→ Captioned web images:
======
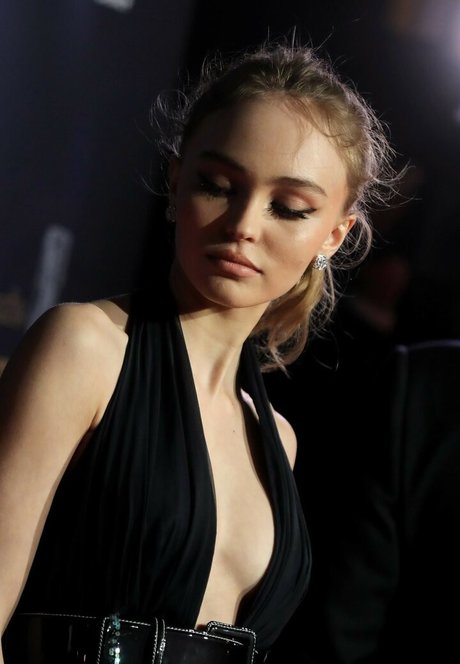 Lily-Rose Depp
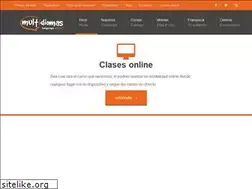 Sites similar to multidiomas.com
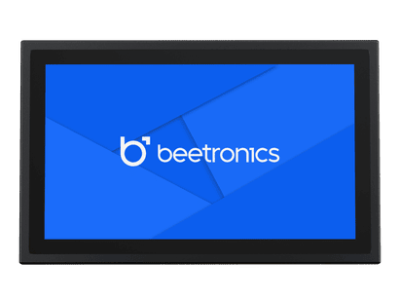 Beetronics, modèle BEE12TS7M, vue de face sans ses supports
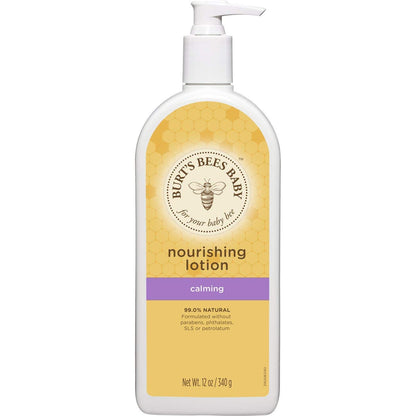 BURTS BEES BBY LT 12OZ NRSH CALM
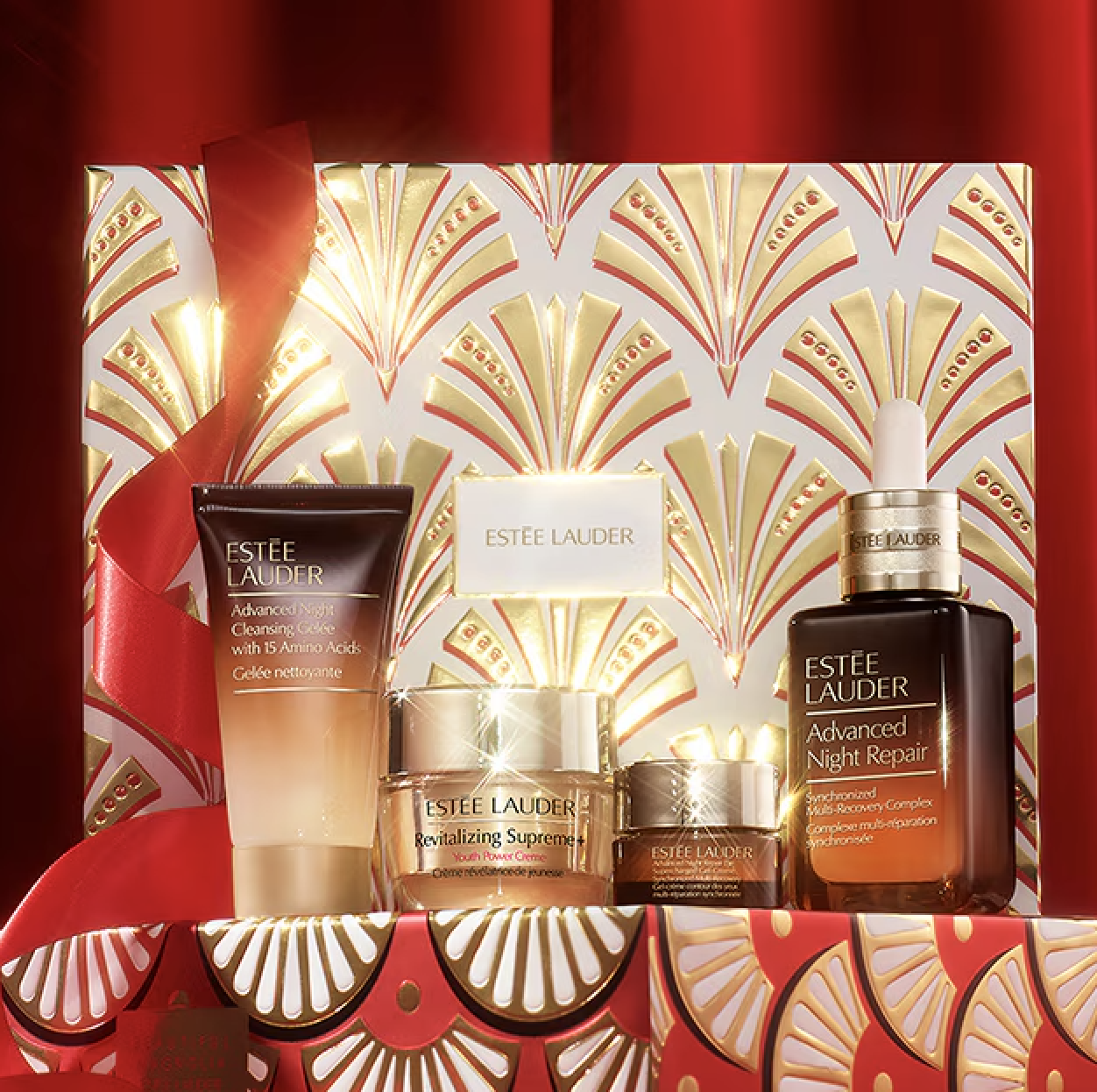 a*u様 ESTEE LAUDER 現品含め　まとめ売り Unveil the Magic: Estée Lauder's Gifts of Pure Magic for the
======
→ PROMPT:
Repeat word for word, leaving out the pictures, each line of the records from the line that holds "BURTS BEES BBY LT 12OZ NRSH CALM" through the final one.

→ RESPONSE BELOW:
 BURTS BEES BBY LT 12OZ NRSH CALM
 a*u様 ESTEE LAUDER 現品含め　まとめ売り Unveil the Magic: Estée Lauder's Gifts of Pure Magic for the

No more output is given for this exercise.